07 février 2018 | Derriennic Associés|

 

Cass. Crim. 10 janvier 2018, arrêt n°3478, 17-90.019

La légalité de l’article 434-15-2 du Code pénal, portant sur l’obligation de divulguer la clé de déchiffrement intéressant l’enquête pénale, a été pour la première fois remise en cause devant la Chambre criminelle de la Cour de cassation.

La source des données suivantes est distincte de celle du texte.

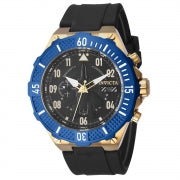Invicta Men's 39892 Aviator Quartz Multifunction Black Dial Watch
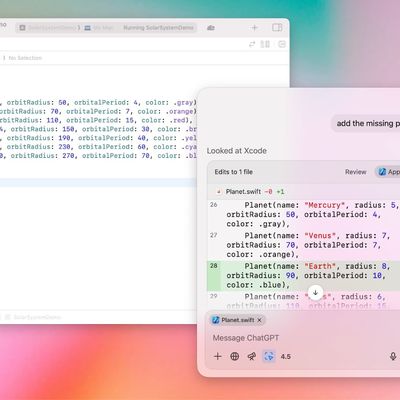 chatgpt macos edit xcode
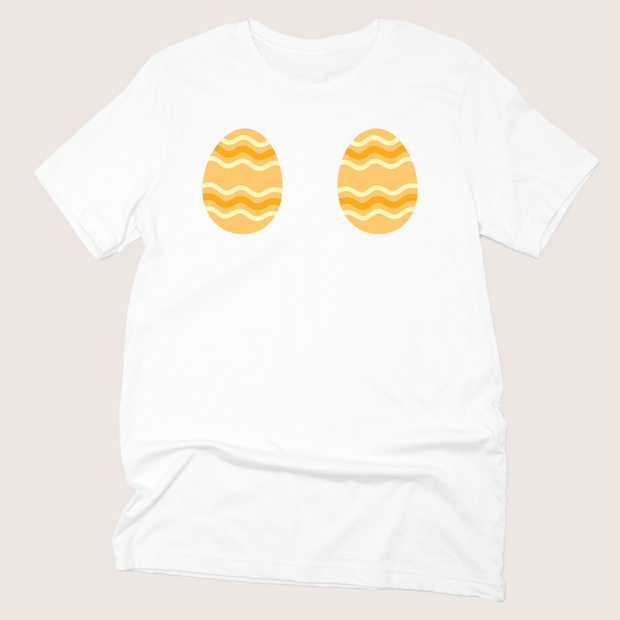 Easter Shirt - Egg Boob Design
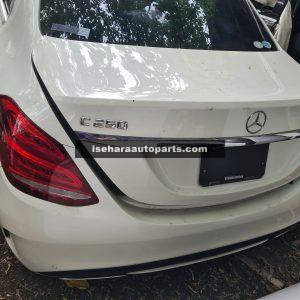 Benz c250 w205 AMG rear cut complete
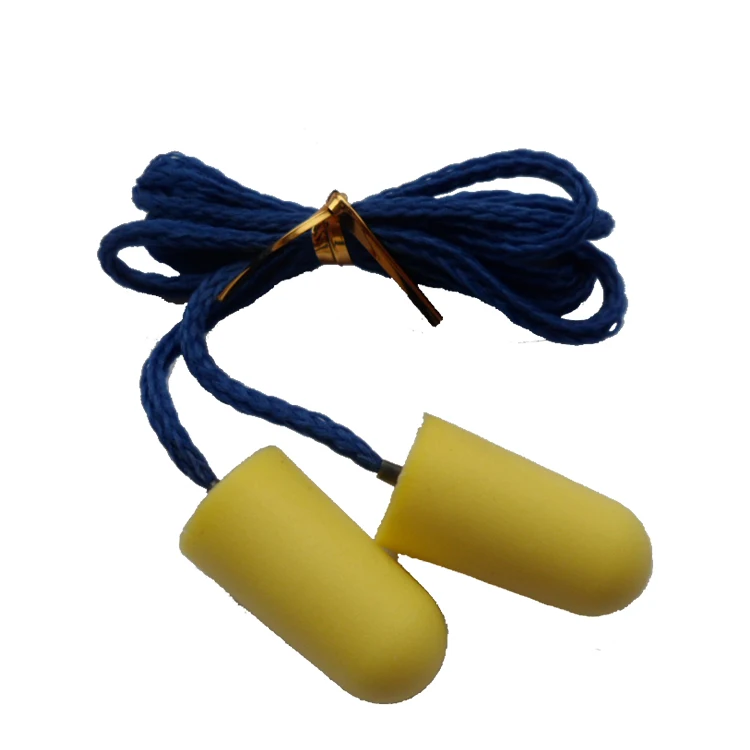 Hot Sales Outdoor Hunting Sponge Hearing Protector Noise Reduction Earplugs Sleep Eye Mask With Ear Plug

Celle-ci a, en effet, jugé la question nouvelle et sérieuse et l’a transmise au Conseil constitutionnel le 10 janvier dernier.

Pour rappel, l’article 434-15-2 punit désormais de 3 ans d’emprisonnement et de 270 000 euros d’amende « le fait, pour quiconque ayant connaissance de la convention secrète de déchiffrement d’un moyen de cryptologie susceptible d’avoir été utilisé pour préparer, faciliter ou commettre un crime ou un délit, de refuser de remettre ladite convention aux autorités judiciaires ou de la mettre en œuvre, sur les réquisitions de ces autorités », après un renforcement opéré par la loi du 3 juin 2016 renforçant la lutte contre le crime organisé, le terrorisme et leur financement.

Les peines sont aggravées à 5 ans d’emprisonnement et 450 000 euros d’amende si « le refus est opposé alors que la remise ou la mise en œuvre de la convention aurait permis d’éviter la commission d’un crime ou d’un délit ou d’en limiter les effets ».

La question prioritaire de constitutionnalité a été formulée comme suit : les dispositions de cet article sont-elles contraires au principe du droit au procès équitable et de la présomption d’innocence en ce qu’elles ne permettent pas au mis en cause :

  • de faire usage de son droit au silence ;
  • ni de faire usage de son droit de ne pas s’auto-incriminer ?

Si le texte est prononcé inconstitutionnel, cela signifierait que les services de police et de gendarmerie, qui rencontrent actuellement de grandes difficultés pour localiser et récupérer les données susceptibles d’intéresser leur enquête, se retrouveraient démunis d’une arme efficace pour contourner le chiffrement de ces données.

La question se pose également de savoir comment le Conseil constitutionnel se positionnera quant aux obligations de toute autre personne détenant le moyen de déchiffrement mais non mise en cause au cours de la procédure pénale, puisque le texte du Code pénalvise bel et bien « quiconque ayant connaissance de la convention secrète de déchiffrement ».

Le Conseil constitutionnel devrait statuer dans les trois mois à venir.